Question

In a LCR circuit find the energy stored in the inductor at resonance. If voltage of source is 10V and resistance is \[10\Omega \] and inductance is 1H.
A. 0.5J
B. 2J
C. 4J
D. 10J

Answer 1

Hint: This is a basic problem of electronics. Making a circuit diagram will make the question easier to understand and solve. We must know the impedance of the circuit, given by, $ Z=\sqrt{{{R}^{2}}+{{({{\chi }_{L}}-{{\chi }_{C}})}^{2}}} $. Know the resonant frequency conditions for series and parallel LCR circuit conditions, which is given by $ \omega =\dfrac{1}{\sqrt{LC}} $, where $ \omega $ is the resonance angular frequency. We must also remember as to how the electrical energy gets stored in an inductor. The formula for the energy stored in an inductor is given by, $ {{E}_{L}}=\dfrac{1}{2}L{{i}^{2}} $.

Complete step-by-step answer:
We will first start off by making the circuit diagram for the problem.

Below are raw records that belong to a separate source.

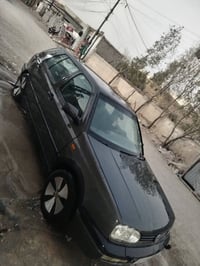 گولف • ١٩٩٢ • ورقه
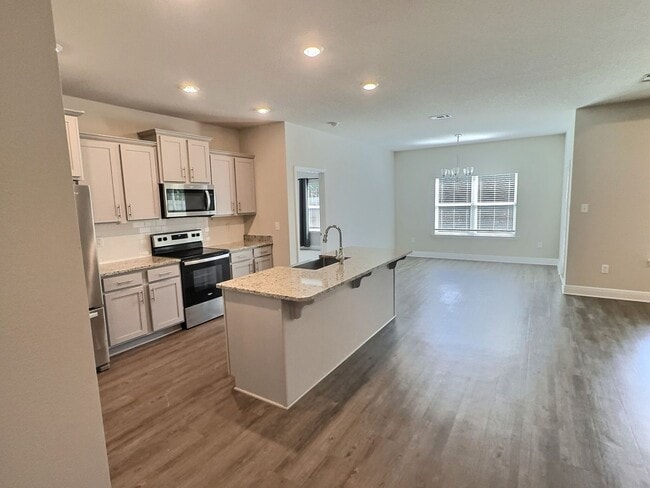 Building Photo - Cute 3 bedroom home in Ocean Springs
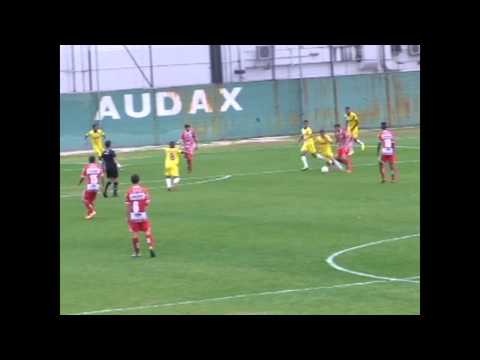 Audax-SP 1 X 2 Botafogo-SP - Campeonato Paulista Sub - 17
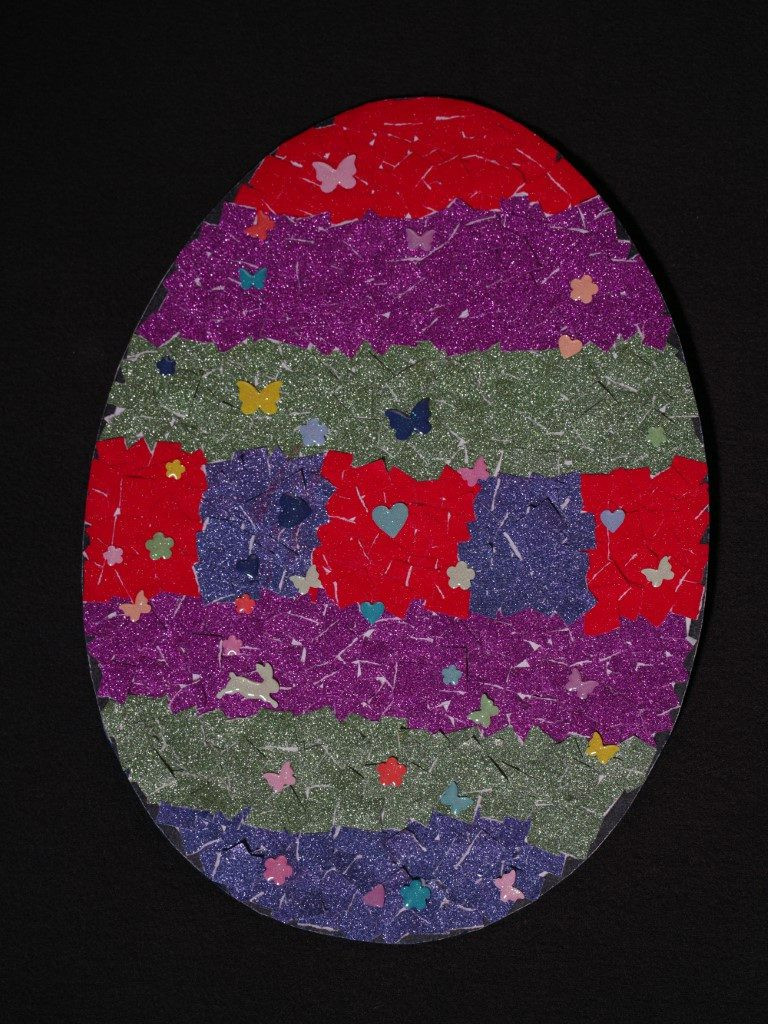 Rozstrzygnięto konkurs na Najpiękniejszą Ozdobę Wielkanocną 2023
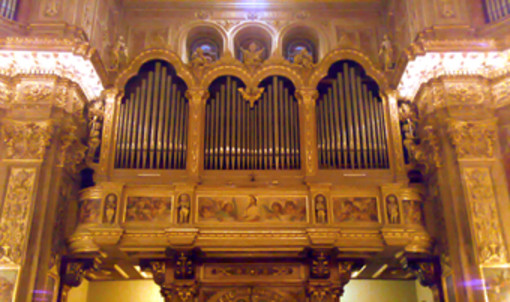 Bordighera: riprendono i corsi musicali dell’Istituto Diocesano di musica Sacra al Seminario Bordighera: riprendono i corsi musicali dell’Istituto Diocesano di musica Sacra al Seminario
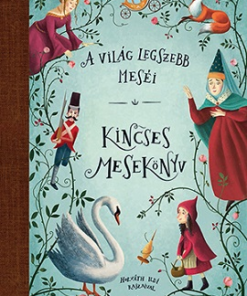 Kincses mesekönyv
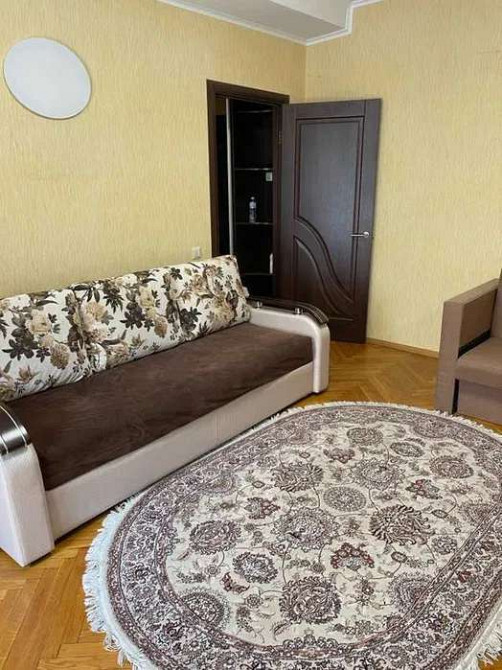 Оренда Квартира 1-кімнатна, 3/9 поверх на ул. Большая Васильковская, 112 Київ - фото 5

Given in the question is, the value of source voltage is 10V. Hence the V=10V.
In a LCR series oscillatory circuit, the resonance condition refers to the condition where the resistance of the circuit is minimum.
The resistance of the circuit $ (Z) $ is given by, $ Z=\sqrt{{{R}^{2}}+{{({{\chi }_{L}}-{{\chi }_{C}})}^{2}}} $
$ {{\chi }_{L}} $ is the resistance of the inductor, given by, $ {{\chi }_{L}}=\omega L. $
$ {{\chi }_{C}} $ is the resistance of the capacitor, given by, $ {{\chi }_{C}}=\dfrac{1}{\omega C}. $
For the resonance condition, $ {{\chi }_{L}}={{\chi }_{C}}\Rightarrow \omega L=\dfrac{1}{\omega C}\Rightarrow {{\omega }^{2}}=\dfrac{1}{LC}\Rightarrow \omega =\dfrac{1}{\sqrt{LC}} $
This value of $ \omega $ is known as the resonant frequency of the series LCR circuit.
Under the resonance condition $ Z=\sqrt{{{R}^{2}}}\Rightarrow Z=R. $
Therefore, the amount current (i) flowing in the circuit is, $ i=\dfrac{V}{Z}\Rightarrow i=\dfrac{V}{R} $
 $ i=\dfrac{10V}{10\Omega }\Rightarrow i=1A. $
The energy stored in an inductor is given by, $ {{E}_{L}}=\dfrac{L{{i}^{2}}}{2} $
Substituting the values of L=1H and i=1A, we get $ {{E}_{L}}=\dfrac{1{{(1)}^{2}}}{2}\Rightarrow {{E}_{L}}=0.5J $
Hence, the energy stored by the inductor during the resonance condition is 0.5J.

Note: Whenever in a LCR oscillatory circuit problem, the LCR circuit is in series or parallel isn’t mentioned, the default condition will be considered as series condition.
Here the source will also be an ac source, since it is a oscillatory circuit and for resonance to occur, the $ \omega$ value of the source will be equal to the resonant frequency of $ \omega =\dfrac{1}{\sqrt{LC}}. $